1993. O grunge de Seattle era o rock da época. No Brasil, pagodeiros dançantes enriqueciam depois de colocar suas caras e rabos rebolantes nos palcos do Gugu ou Faustão. Enquanto isso, um quarteto da periferia paulistana lançava um LP de rap que entraria para a história da música brasileira. Música?
Raio X Brasil seria mais uma tentativa dos Racionais de mostrar suas rimas para o maior número possível de pobres Brasil afora. Objetivo modesto.

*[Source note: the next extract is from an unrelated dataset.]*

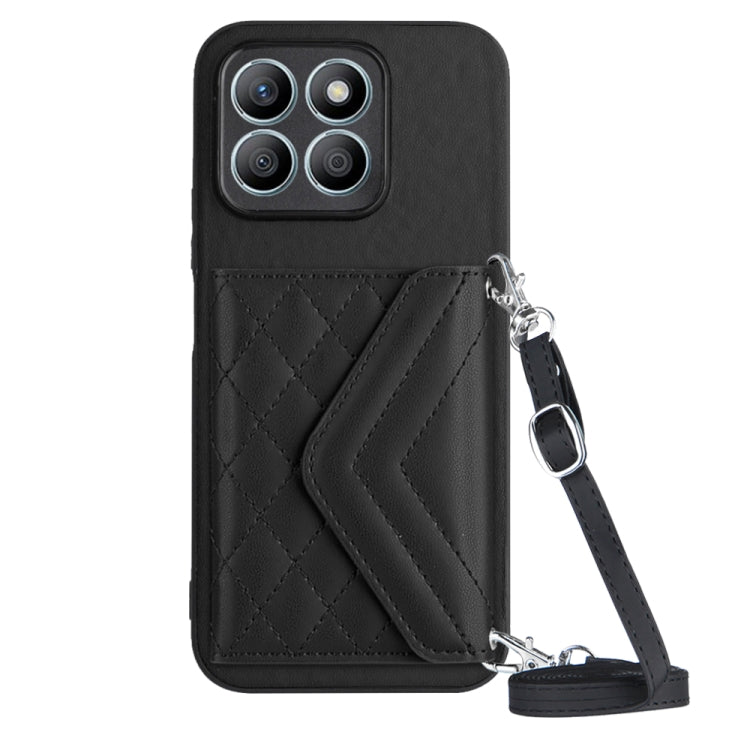 For Honor X8b 4G Global Rhombic Texture Card Bag RFID Phone Case with Long Lanyard(Black)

Porém, o petardo "Fim de Semana no Parque" ultrapassou a fronteira traçada por Mano Brown e chegou à classe média, após execuções maciças em "rádios pop", como Jovem Pan e Transamérica. O rap transbordava das rádios especializadas e invadia o território de Madonnas e Poisons. Nunca antes algo assim ocorrera com uma vertente musical periférica - ou "popular".
"No último natal Papai Noel escondeu um brinquedo
Prateado
Brilhava no meio do mato
Um menininho de dez anos achou o presente
Era de ferro
Com doze balas no pente"
Com esse nível de realidade nos versos, a batida seca cortada pelo baixo incessante e um vocal raivoso, Brown viu nascer seu primeiro sucesso e o reconhecimento de público e crítica. Suas atitudes desde então demonstravam que ele não perseguia aquilo. Queria mostrar sua música, viver dela. Mas não iria no Faustão. Quatro anos depois, os Racionais lançaram o lendário Sobrevivendo no Inferno, disco referência do hip hop nacional, frequentador assíduo de qualquer lista dos melhores discos brasileiros de todos os tempos. Vendeu 500 mil cópias originais e um sem número de CDs piratas (estima-se pela casa do milhão). Muito rapper de talento pôde se mostrar na cola de Sobrevivendo, que por sua vez, não existiria desmarginalizado sem "Fim de Semana no Parque". A parir dela, o rap brasileiro se afastou de vez do gangasta americano e elevou o status do rapper, finalmente reconhecido como artista.
Música? Sim, de qualidade artistica inquestionável.